Daniel Medeiros*

 Na manhã daquela terça-feira, 24 de agosto, há 61 anos, o país era sacudido pela notícia do suicídio de Getúlio Vargas. Ato final, trágico e desconcertante, de uma trama que contou com um coro golpista capitaneado pela UDN e por seu líder, o “corvo” Carlos Lacerda, e pela cúpula do Exército e da Aeronáutica, fortemente influenciadas pelas lições da Escola Superior de Guerra e a tese do inimigo interno, o “comunismo” - entendendo-se por “comunismo” tudo o que colocasse em risco os interesses do capital norte americano, suas ambições geopolíticas e as associações com os grupos econômicos, rurais e urbanos, no Brasil.

Some-se a isso uma classe média desinformada e açulada por uma crise econômica crescente e insatisfeita com as tentativas de adoção de políticas de distribuição de renda, particularmente o aumento do salário mínimo. E então tivemos o cenário do golpe que virou tragédia.

O suicídio de Vargas, na bacia das almas, tirou o doce da boca dos golpistas, instilando as massas desamparadas contra os inimigos do “pai dos pobres”. O momento do golpe se perdeu e teve de esperar um momento mais propício, que viria dez anos mais tarde.

 A política de reconhecimento dos direitos das massas e sua inserção no jogo político era inaceitável pelos setores acima citados: militares, classe média, empresários, fazendeiros e seus patronos internacionais. As regras do jogo secular, garantia da perpetuação de poderes e propriedades, poderiam mudar rapidamente - e privilégios consolidados (como uma herança “legitimamente” defendida) corriam riscos. Embora nem tanto: o velho caudilho era, na verdade, um reformista moderado. No entanto, as concessões insuflavam novas demandas e dívidas sociais de sempre pareciam, pela primeira vez, capazes de ser cobradas por seus titulares: os camponeses e os operários. E os devedores não estavam dispostos a acertar as contas.

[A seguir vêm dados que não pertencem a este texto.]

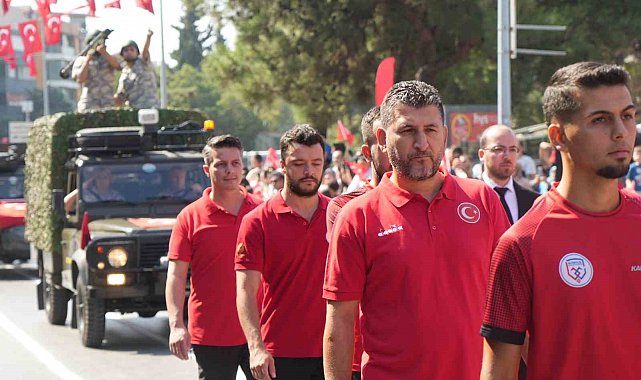 Balıkesir'de 30 Ağustos Zafer Bayramı coşkusu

Vargas caiu porque enredou-se nos escândalos de corrupção de seus próximos – assessores e parentes – e porque não conseguiu manter a política de “agradar gregos e troianos” que garantiu seus primeiros quinze anos no poder. Em um país de cobertor curto, a política de estender direitos sem tocar em privilégios tem limites. E o limite havia chegado. E Getúlio resolveu esticar a corda, um pouco mais. E as forças da reação estavam bem despertas. E os erros do velho caudilho tornaram-se as razões para “legitimar” sua queda. E ele caiu. Mas de pé. Só para contrariar. Como disse, mais tarde, Carlos Lacerda, líder da oposição, em um rasgo de sinceridade: “estávamos com a mesa posta para o jantar. Na hora agá, Getúlio veio e puxou a toalha”.

De lá para cá, outras versões dos fatos foram construídas. Umas mais heroicas: a do defensor das riquezas nacionais, dos valores e direitos dos trabalhadores, do mártir das causas populares; e outras detratoras: o caudilho ditatorial, corrupto, populista, demagogo, incompetente que se matou para não cair e não revelar o “mar de lama” de seu governo.

A principal lição continua a mesma: a dívida social continua grande. As políticas de resgate dessa dívida continuam incomodando interesses. O confronto se dá com muitas armas e os erros dos governos populares e populistas são muitos. E eles são fatais. Bom, no caso de Getúlio, foi.

* Daniel Medeiros é Doutor em Educação Histórica pela UFPR e professor de História no Curso Positivo.